Last month, 22 international banks, including Goldman Sachs, JP Morgan and Credit Suisse, backed New York startup R3CEV’s efforts to create an international blockchain-based payment and settlement system, with the hope of substantially speeding up transactions, reducing costs and improving security.

Pierce said he viewed that development as a promising sign. He compared blockchain’s evolution to the early days of building the Internet, when an infrastructure consisting of broadband, computing power and protocols was created for today’s online applications.

“Much like the 1996 Internet, we are in that sort of phase of building the plumbing,” said Pierce. “The tech has never failed, but those early Internet companies making applications often made mistakes.”
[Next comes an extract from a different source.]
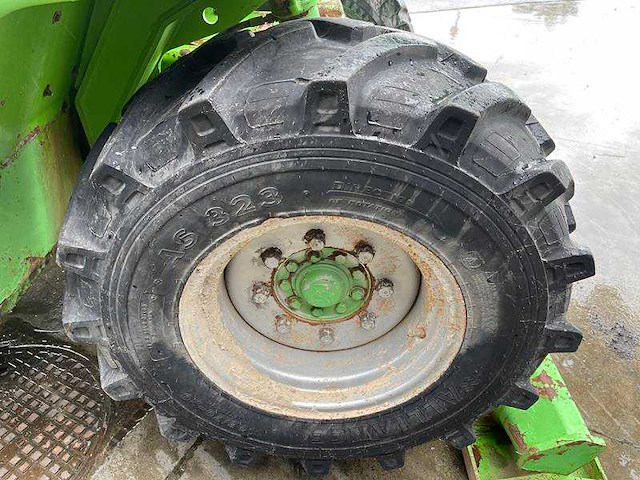 Merlo - p38-14 - verreiker - afbeelding 4 van  21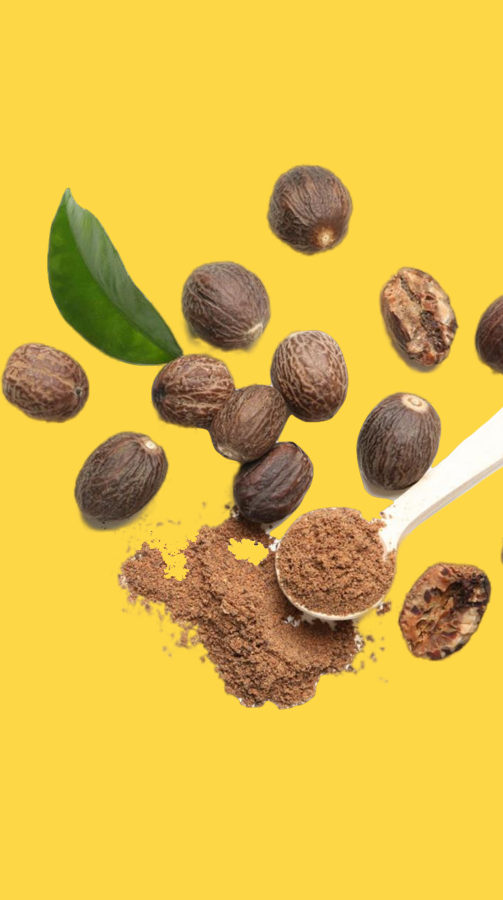 Muscade Bio du Kerala : Achat Muscade en ligne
Dot-com-era companies such as online toy retailer eToys, on-demand grocery delivery Webvan and online fashion retailer Boo.com all preceded businesses that are taken for granted today. However, they went bankrupt because their ideas outpaced the existing technology at too high a cost.

Pierce said the bitcoin industry can be viewed through a similar lens.

“Bitcoin is the biggest technology since the Internet,” said Pierce, though he said it could take 25 years or more to realize its full potential.

Or, a company could make it happen tomorrow.

“Market timing is everything,” he said.